The Tavianis's direction and design is majestic; the prison is more impressive and expressive than any stage. We come to know these men through an innovative technique: as they audition for their roles, they give their names and family histories in two different ways: defiant and despondent. It's brilliant shorthand for introducing us to the prisoners as players; their personalities and strengths are "on stage" immediately before us, even for such guarded men as these. You would say that this is the a brilliant portrayal of actors as prisoners, but... These aren't actors. These men actually are prisoners, and the annual drama production is a real-life program. What looks like a documentary is more powerful that we know (from the first, so I've misled you a bit) that these are real prisoners, in a true jail. The Tavianis's film is not a documentary—they given a fictional script to surround the events—but all the actors are playing themselves. And they are absolutely brilliant. I've told you previously about my so-far-favorite film of the New York Film Festival (Life of Pi), the most thought-provoking (Something in the Air), and the most beguiling story (Barbara). Caesar Must Die takes it for me in the Performance category, especially Salvatore Striano (Brutus) and Cosimo Rega (Cassius). They moved me to genuine laughter and freely-weeped tears, more than Branagh or Olivier or Barrymore.

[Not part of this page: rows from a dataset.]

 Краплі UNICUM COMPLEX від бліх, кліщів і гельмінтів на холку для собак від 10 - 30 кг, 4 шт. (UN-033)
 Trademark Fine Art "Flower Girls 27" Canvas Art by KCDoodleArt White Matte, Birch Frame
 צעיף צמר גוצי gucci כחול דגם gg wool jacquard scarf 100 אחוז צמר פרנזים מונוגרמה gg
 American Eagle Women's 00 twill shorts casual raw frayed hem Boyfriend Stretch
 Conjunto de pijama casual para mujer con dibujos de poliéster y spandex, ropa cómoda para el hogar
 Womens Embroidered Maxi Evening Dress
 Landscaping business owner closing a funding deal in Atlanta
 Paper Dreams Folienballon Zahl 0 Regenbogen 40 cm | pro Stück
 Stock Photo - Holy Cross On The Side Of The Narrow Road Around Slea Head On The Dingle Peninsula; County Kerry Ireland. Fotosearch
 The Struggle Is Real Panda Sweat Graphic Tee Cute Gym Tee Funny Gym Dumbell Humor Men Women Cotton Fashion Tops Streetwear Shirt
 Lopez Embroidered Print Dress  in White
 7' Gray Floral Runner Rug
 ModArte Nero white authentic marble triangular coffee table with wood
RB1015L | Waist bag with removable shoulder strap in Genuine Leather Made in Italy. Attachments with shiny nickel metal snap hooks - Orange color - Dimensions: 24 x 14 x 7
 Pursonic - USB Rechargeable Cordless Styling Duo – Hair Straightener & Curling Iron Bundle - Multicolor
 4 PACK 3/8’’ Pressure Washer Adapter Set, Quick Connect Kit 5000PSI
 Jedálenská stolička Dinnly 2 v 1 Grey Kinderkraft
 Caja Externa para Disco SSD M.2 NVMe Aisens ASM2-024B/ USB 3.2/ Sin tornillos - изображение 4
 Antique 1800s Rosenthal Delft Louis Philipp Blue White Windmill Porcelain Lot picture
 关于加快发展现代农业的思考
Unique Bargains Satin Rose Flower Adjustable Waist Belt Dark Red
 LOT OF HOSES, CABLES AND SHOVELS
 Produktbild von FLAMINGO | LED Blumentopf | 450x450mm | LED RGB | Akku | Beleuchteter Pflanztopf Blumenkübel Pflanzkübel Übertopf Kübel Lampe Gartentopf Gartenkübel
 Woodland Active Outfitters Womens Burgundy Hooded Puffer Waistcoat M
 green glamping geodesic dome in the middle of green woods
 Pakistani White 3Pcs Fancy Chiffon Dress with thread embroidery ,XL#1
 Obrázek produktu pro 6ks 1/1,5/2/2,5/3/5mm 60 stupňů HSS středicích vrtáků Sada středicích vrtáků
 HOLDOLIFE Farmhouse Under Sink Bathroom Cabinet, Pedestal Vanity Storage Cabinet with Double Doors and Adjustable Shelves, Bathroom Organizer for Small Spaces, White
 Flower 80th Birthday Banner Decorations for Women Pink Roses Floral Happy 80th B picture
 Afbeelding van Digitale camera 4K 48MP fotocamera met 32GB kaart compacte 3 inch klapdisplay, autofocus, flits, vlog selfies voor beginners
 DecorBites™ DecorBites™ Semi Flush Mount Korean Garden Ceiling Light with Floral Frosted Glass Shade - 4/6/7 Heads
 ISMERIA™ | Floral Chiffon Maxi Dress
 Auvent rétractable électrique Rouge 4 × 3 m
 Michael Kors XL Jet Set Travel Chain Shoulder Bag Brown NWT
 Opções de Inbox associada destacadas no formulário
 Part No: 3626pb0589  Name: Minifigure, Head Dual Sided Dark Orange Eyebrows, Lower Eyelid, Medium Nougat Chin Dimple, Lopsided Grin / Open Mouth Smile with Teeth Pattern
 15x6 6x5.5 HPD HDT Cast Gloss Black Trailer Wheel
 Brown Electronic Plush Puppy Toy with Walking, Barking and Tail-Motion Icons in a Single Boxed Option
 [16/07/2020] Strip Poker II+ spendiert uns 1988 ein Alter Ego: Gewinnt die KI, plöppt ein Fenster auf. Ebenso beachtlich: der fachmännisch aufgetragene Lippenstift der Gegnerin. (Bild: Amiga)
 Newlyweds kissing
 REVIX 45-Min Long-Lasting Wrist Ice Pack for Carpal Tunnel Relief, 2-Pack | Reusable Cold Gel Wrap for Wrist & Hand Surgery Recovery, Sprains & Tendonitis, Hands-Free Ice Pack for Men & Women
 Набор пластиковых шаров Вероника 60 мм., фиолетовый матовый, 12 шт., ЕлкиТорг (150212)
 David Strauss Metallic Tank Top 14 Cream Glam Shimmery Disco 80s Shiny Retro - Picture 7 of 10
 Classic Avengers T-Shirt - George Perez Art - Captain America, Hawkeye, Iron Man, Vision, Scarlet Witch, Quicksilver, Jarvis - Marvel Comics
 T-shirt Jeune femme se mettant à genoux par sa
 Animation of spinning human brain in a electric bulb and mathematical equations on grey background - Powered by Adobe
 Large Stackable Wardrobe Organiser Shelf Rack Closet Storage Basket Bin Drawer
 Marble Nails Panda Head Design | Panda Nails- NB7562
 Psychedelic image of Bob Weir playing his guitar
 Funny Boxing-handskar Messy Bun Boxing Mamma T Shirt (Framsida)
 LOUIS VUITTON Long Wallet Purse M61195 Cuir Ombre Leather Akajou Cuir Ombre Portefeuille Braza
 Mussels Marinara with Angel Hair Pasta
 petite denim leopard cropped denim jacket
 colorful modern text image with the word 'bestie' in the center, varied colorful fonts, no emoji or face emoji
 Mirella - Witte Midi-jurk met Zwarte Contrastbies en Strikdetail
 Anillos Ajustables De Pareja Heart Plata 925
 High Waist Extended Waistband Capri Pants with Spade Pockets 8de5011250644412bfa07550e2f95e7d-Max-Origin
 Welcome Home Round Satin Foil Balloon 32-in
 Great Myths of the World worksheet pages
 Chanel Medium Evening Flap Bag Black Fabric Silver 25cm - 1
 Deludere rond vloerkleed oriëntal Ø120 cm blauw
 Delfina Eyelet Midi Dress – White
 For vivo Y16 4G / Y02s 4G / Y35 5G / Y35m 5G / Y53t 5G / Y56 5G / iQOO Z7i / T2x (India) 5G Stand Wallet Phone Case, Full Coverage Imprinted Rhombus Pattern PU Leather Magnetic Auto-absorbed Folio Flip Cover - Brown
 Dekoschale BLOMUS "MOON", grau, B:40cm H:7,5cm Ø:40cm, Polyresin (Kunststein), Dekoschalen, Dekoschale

When the company stands, shoulder to shoulder at the curtain call of their performance, there's great jubilation, infectious wide smiles and laughter, backslapping camaraderie and pride. Then, they're locked up in their cells again. Shakespeare and Rome is the only freedom they will have. "Since I got to know art," one of the prisoners says, "this cell has become a prison." Ironic how it opens our world for us too. Truly, Shakespeare is for the ages. Even fifteen to twenty-five years, or life.